The sun was set and it was almost dark when we arrived at our new home. Tim knew the place well because he had already lived there for two years. It was hot and the windows were down so we could hear the drums in the distance.  How odd that was; here we were on the Indian reservation and there were drums just like in an old western movie.   


Don and Nona Perrault were the sentries and saw to all of the daily details at Immanuel Mission. As we got out of the car Nona trotted up with a serious but friendly smile. She was short and wiry and looked like she could fight a bear. Their trailer was near the entrance and right next to the well. In the morning you would see Nona running out to greet the steady stream of pick up trucks that came with their empty 55 gallon drums. Wells were scarce because they had to be drilled over 500 feet to get to a good water supply. Some were as deep as one or two thousand feet.
















Nona commented on the drums right away, "Yei-bi-chai", is all she said.  Tim explained later about how the Navajos have a ceremony to call on the spirits to protect their children before they send them off to school.

Tim asked her why it was so quiet. I didn't know that he was referring to the generator. Normally the drums would not be heard above the steady hum of the only power source for the mission compound. Nona motioned towards Don as he strode up with a wrench in his hand. 


Don was short and stout and always friendly. He also always seemed to have a wrench in his hand which reminded everyone about his duty as the master of the generator. He built it and knew every nut and bolt and it was his job to keep it running. The generator would have to wait for morning now.


We got the key and headed towards our new home. It was a deluxe trailer that once traveled across the country as a high end vacation tool. Exactly 8 feet wide and 30 feet long, the interior was finished  in birch veneer and the multitude of cabinets and cubby holes meant everything was automatically organized.

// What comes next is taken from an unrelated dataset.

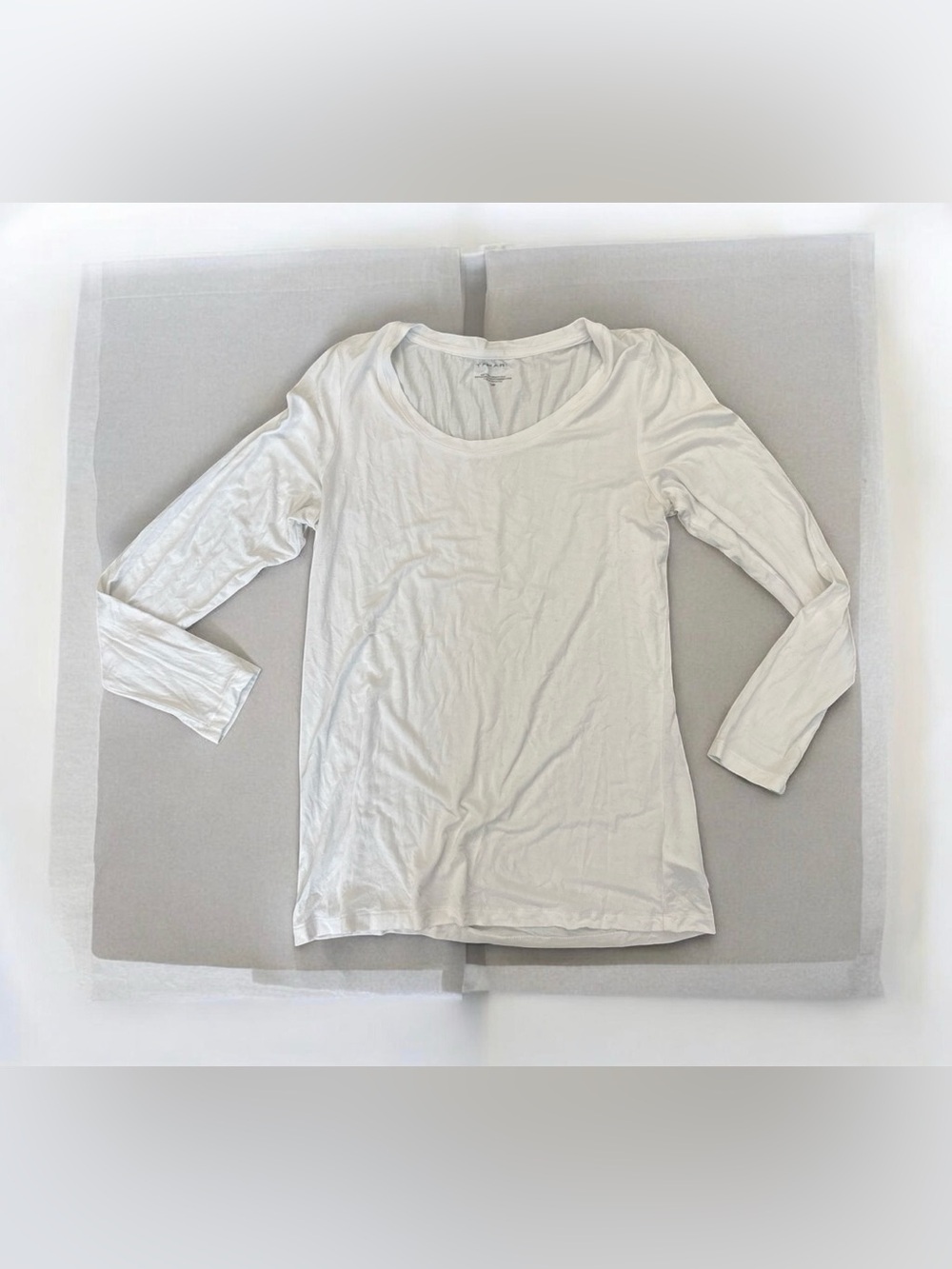 Tahari White Scoop Neck Long Sleeve Tee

At the end of the trailer was the one bedroom with a window facing directly at the campsite where the Yei-bi-chai was happening. There was light from a huge fire that lit up the colorfully dressed people. There were people walking around in the shadows too and small children darting in and out. The outline of many pickup trucks faded in the background. I wanted to get a close up look and see this spectacle but everything was in miniature since the campsite was so far away. They were in another world and I felt like I was reading the National Geographic live. I fell asleep that first night with the sound of the drums echoing in my dreams.

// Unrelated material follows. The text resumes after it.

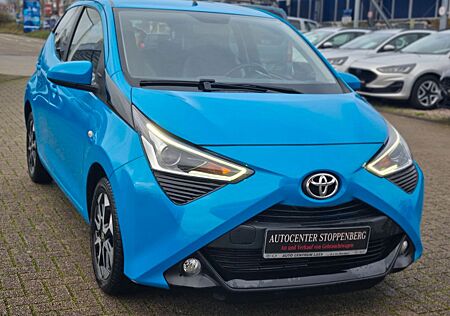 Toyota Aygo (X) -play club/AppleCar/Bluetooth/Kamera/Garan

I woke up to the sound of eggs crackling on the stove. "Tim was cooking? Hmmmm," I thought that was my job.  There were no drums.  Looking southwest was the beautiful earthy red rock, Tsetse-uh standing straight up towards the sky. The flat table top basking in the sun. To the west was the campsite, the Navajo's homestead where we heard the drums. All of the trucks were gone except one.


A mounded adobe hut, a hogan,  sat in the center with some other small wood buildings surrounding it. Two women slowly carried a gigantic tub across the yard and began to tip it over the fire pit. Smoke clouded up and engulfed the scene.  A dog and three small children ran through the smoke, barking and hollering and laughing.


There were no other people around. The women disappeared into the hogan followed by the children. 


Suddenly there was a loud noise in the distance, a muffled roar that didn't stop. It was the generator. There were no power lines leading to the mission but there were lines leading to the generator. I would get used to the noise and if it stopped it was like a breath of fresh air for an instant and then worry that something was wrong. As long as the pulsing motor drummed away we knew our refrigerators would keep running and our lights would stay on.